Data items:
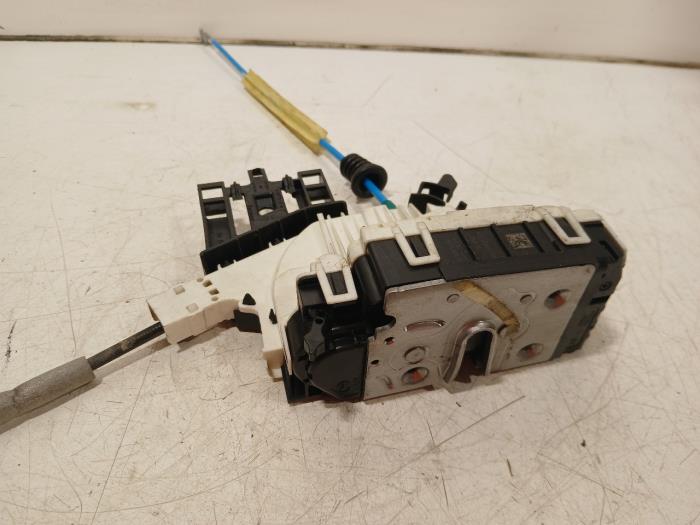 Dörrlåsmekanism, 4-dörrars, vänster bak från en Mercedes A-Klasse 2013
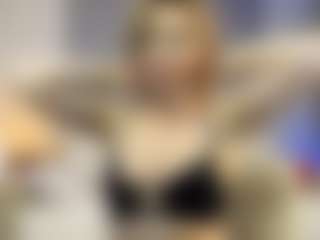 Monika-peach2 MILF webcam performer live streaming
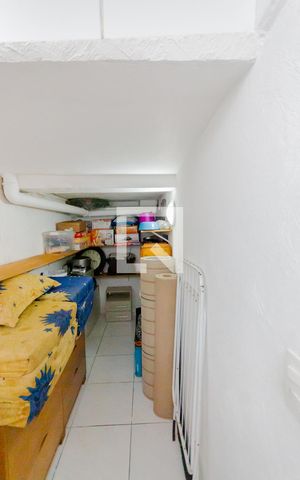 Casa à venda com 360m², 3 quartos e 2 vagas Casa à venda com 360m², 3 quartos e 2 vagasDepósito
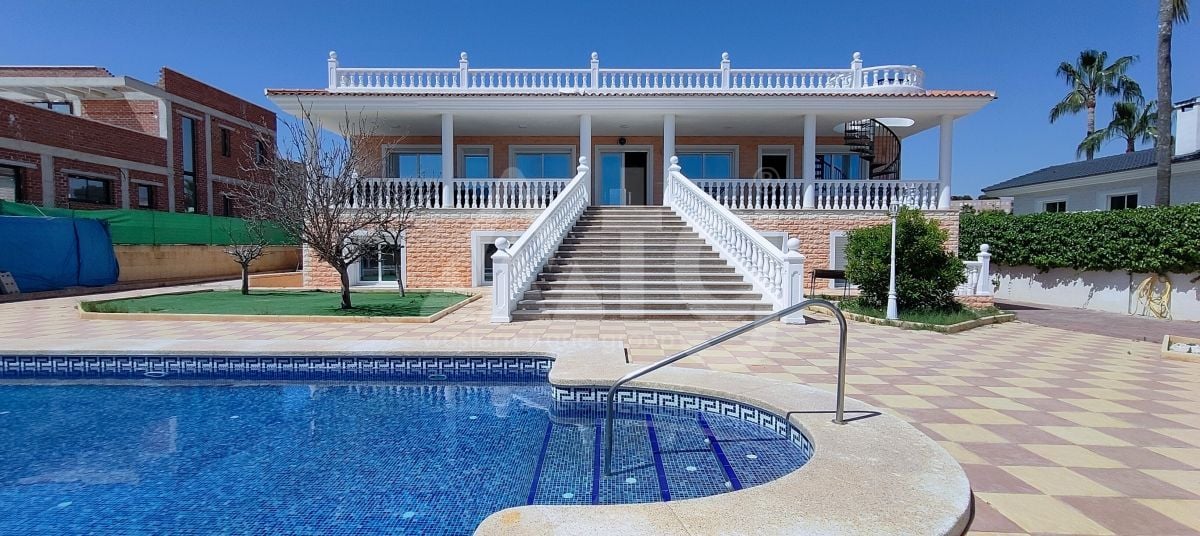 9 bedroom Villa in Albir - PSE130813 - Photo - 1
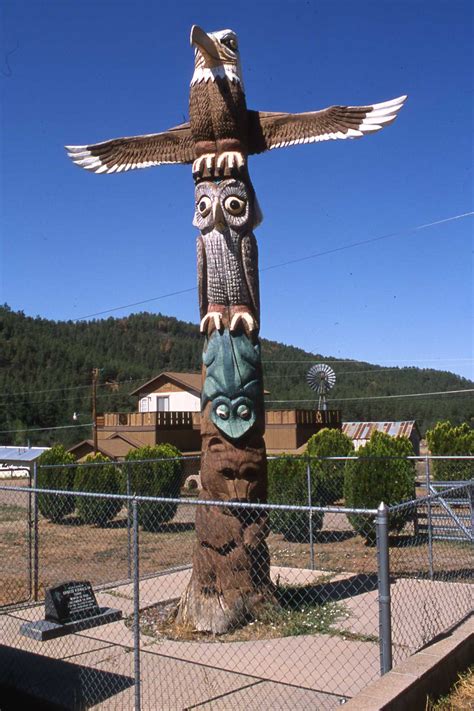 The Totem Monument In Strawberry Arizona Oddities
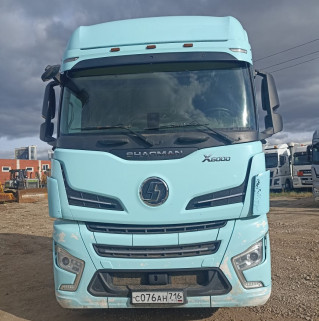 Shacman (Shaanxi) SX* 4x2 Седельный тягач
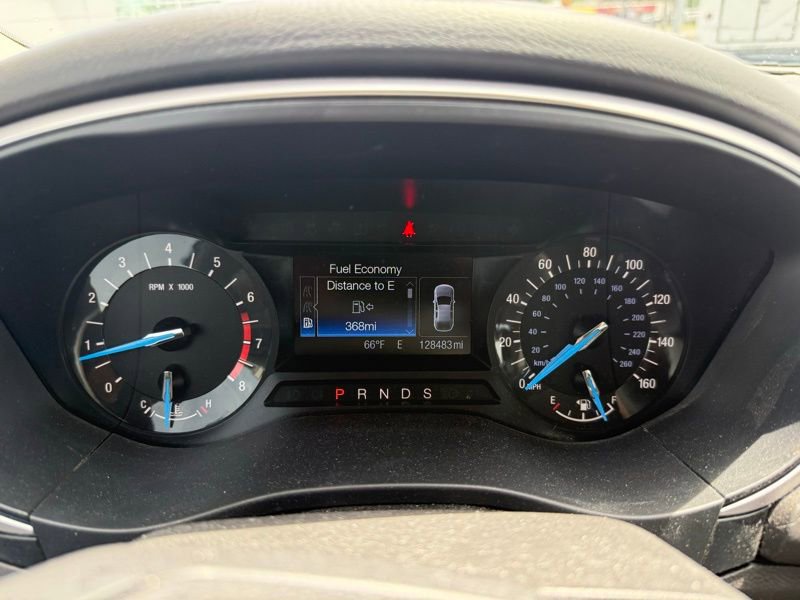 Used 2016 Ford Fusion SE FWD image 11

[Your task] The records above should be repeated exactly, with every picture omitted.

[Expected answer]
 Dörrlåsmekanism, 4-dörrars, vänster bak från en Mercedes A-Klasse 2013
 Monika-peach2 MILF webcam performer live streaming
 Casa à venda com 360m², 3 quartos e 2 vagas Casa à venda com 360m², 3 quartos e 2 vagasDepósito
 9 bedroom Villa in Albir - PSE130813 - Photo - 1
 The Totem Monument In Strawberry Arizona Oddities
 Shacman (Shaanxi) SX* 4x2 Седельный тягач
 Used 2016 Ford Fusion SE FWD image 11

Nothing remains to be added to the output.